The supporters of Option III B have also not persuaded us to dilute
Sec. 399.84. We agree with the Council of Better Business Bureaus that
sellers could advertise deceptively under this option, for example, by
falsely implying that a carrier's own surcharges were government-
imposed or by failing to meet the Federal Trade Commission's standards
for prominence, readability, and clarity. As in the case of Options III
A and IV, moreover, enforcement would be far more burdensome than under
the status quo.
Similarly, the overwhelming support among individuals for enforcing
Sec. 399.84 as written notwithstanding, the comments fail to establish
a rationale for undoing over 20 years of permitting exceptions to the
rule's strict terms as a matter of enforcement policy. Strict
enforcement of Sec. 399.84 would still create marketing difficulties
for sellers without necessarily making prices more transparent to
consumers. Option II's strong support from consumers does, however,
serve to fortify the case against eliminating or diluting the rule and
enforcement policy.
We are maintaining the status quo and withdrawing the NPRM rather
than codifying the current exceptions to Sec. 399.84 allowed by the
Enforcement Office. We do not think that codification is necessary to
make the enforcement policy transparent and available. As we observed
in the NPRM, sellers and lawyers practicing in this industry are
already familiar with the policy and both consumers and newcomers to
the industry can find the details of the policy on the Department's Web
site at https://airconsumer.ost.dot.gov/rules/guidance.htm. 70 FR at
73963. As we also observed in the NPRM, given that enforcement is by
nature discretionary, by not codifying the exceptions to Sec. 399.84,
we are retaining the flexibility within the Enforcement Office to
continue refining its enforcement policy without the delays and costs
that rulemaking would entail, id.
Two clarifications are in order. First, several commenters argue
for leeway to lump all of the government fees and charges that may be
broken out from the fare together as one sum rather than being required
to list them individually.
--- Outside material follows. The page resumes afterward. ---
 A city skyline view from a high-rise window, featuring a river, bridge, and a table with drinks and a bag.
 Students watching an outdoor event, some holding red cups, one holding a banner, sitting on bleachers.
In practice, except for ad valorem taxes and
the September 11th Security Fee, which under the Department of Homeland
Security's regulations must be disclosed separately, the Enforcement
Office already allows this. Second, several commenters argue that the
requirements for disclosure of government-imposed charges in billboard,
television, and radio advertisements should be dropped because as a
practical matter these disclosures are invariably unintelligible. The
fact remains, however, that failure to disclose these charges
effectively renders an advertisement deceptive. Sellers always have the
option of including these charges in the fares advertised (using a
range of prices or using the word ``from'' with the minimum price if
need be).
Accordingly, for the reasons set forth above, we are withdrawing
the NPRM.
Issued this day of September 18, 2006, at Washington, DC, under
authority delegated by 49 CFR 1.56a.
Michael W. Reynolds,
Acting Assistant Secretary for Aviation and International Affairs.